Le Maroc compte plus de 300 de ces foyers, où résident près de 16.700 jeunes filles. Plus de 70% sont implantés en milieu rural, selon les derniers chiffres officiels.
"Les critères d'admission au foyer? Ils sont simples et clairs : la pauvreté et l'éloignement. Une commission restreinte étudie les demandes et les filles sont vite sélectionnées sur la base de ces deux critères", précise Souad Arkani, la directrice du foyer.
Le pensionnat du village d'Ain Leuh accueille 35 pensionnaires, à deux pas du lycée où elles se rendent chaque jour pour étudier.
"Mes parents habitent à plusieurs dizaines de kilomètres d'ici. Mais grâce à ce foyer, je fais mes études dans de bonnes conditions puisque je suis prise en charge et le lycée est tout près", raconte Khadija, 19 ans, l'une des pensionnaires.

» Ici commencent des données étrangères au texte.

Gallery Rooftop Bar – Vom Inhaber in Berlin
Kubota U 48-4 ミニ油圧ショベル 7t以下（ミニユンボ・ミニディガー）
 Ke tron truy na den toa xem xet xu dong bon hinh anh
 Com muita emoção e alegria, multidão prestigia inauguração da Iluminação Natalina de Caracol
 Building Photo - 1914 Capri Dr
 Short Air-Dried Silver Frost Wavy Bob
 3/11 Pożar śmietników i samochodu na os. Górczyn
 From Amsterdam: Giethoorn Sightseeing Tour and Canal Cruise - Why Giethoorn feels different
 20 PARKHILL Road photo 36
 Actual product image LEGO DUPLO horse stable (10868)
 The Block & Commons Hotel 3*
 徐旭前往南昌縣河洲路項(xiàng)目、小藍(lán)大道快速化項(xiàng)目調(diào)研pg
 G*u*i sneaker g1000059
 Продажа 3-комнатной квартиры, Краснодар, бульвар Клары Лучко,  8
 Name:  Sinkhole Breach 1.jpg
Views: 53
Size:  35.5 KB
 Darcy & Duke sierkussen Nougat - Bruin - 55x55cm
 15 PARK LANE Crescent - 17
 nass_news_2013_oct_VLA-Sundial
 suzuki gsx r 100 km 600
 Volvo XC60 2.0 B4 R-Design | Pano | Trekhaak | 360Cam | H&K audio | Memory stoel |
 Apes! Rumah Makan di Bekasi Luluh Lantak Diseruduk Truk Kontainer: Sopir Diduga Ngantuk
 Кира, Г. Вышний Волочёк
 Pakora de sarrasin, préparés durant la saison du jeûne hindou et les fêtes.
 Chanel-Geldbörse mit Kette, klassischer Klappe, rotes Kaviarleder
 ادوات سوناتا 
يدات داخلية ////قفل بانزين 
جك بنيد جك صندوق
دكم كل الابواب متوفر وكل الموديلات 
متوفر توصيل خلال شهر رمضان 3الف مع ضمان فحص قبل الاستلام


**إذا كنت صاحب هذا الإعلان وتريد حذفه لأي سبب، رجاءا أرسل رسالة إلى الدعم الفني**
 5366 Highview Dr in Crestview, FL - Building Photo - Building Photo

"Elles sont prises en charge, avec un programme précis du matin au soir : petit-déjeuner, départ au lycée qui est près du foyer, déjeuner à midi trente, dîner vers 19h30, étude et, enfin, extinction des lumières à 22h00", explique Souad Arkani, la directrice du foyer.
Le pensionnat est financé et géré conjointement par le ministère du Développement social et une ONG locale, l'Association islamique de bienfaisance (AIB).
Ain Leuh est situé dans la province d'Ifrane, à 300 km à l'Est de Rabat, au cœur de montagnes couvertes de cèdres où il neige souvent l'hiver.
"À partir de novembre il commence à faire très froid ici. Les filles restent toute la semaine au foyer, mais elles peuvent passer le week-end chez leurs parents ou famille proche", ajoute Mme Arkani.
Pour voir ses parents, Khadija doit d'abord prendre un "grand taxi" (taxi collectif) qui parcourt des dizaines de kilomètres. Ensuite, il lui faut marcher au moins une heure sur une piste pour arriver enfin chez elle.
Un an après le début de son règne, en 1999, le roi Mohamed VI a encouragé ces pensionnats pour filles ou pour garçons pour remédier au manque d'infrastructures dont souffrent les régions rurales.
Mais selon les responsables du foyer d'Ain Leuh inauguré en 2003 par Mohammed VI "les moyens restent limités et tout soutien est le bienvenu". "Les collectivités locales, le ministère (du développement social) et notre association participent au financement, mais il faut se battre pour équilibrer notre budget", dit Mohamed Bouyamlal, le vice-président de l'AIB. "Nous devons faire des choix parfois sévères, en optant pour le strict nécessaire, c'est-à-dire la nourriture", précise-t-il.
Et la directrice ne gagne que 1.200 dirhams par mois (110 euros), soit un peu moins que le salaire minimum (125 euros).
Mais par delà les difficultés, les résultats sont probants. Le taux d'analphabétisme en milieu rural, chez les femmes, est passé de 64% en 2006 à environ 40% en 2011, selon les chiffres officiels.
Et le taux d'abandon scolaire chez les jeunes filles des campagnes est passé de 14% en 2006 à 10% en 2010, grâce à ce programme. L'école est obligatoire au Maroc jusqu'à 15 ans.
Outre les études, le foyer d'Ain Leuh est aussi un lieu de rencontres, "d'échanges et d'ouverture d'esprit".
"Lorsque je suis arrivée de ma campagne reculée, j'étais très timide. Le foyer m'a permis une plus grande ouverture et je me suis rendue compte de mon autonomie et mon indépendance", dit Souad, une autre pensionnaire. "J'ai des ambitions et je vois mon avenir autrement. Je veux être professeur de mathématiques", conclut-elle avec fierté.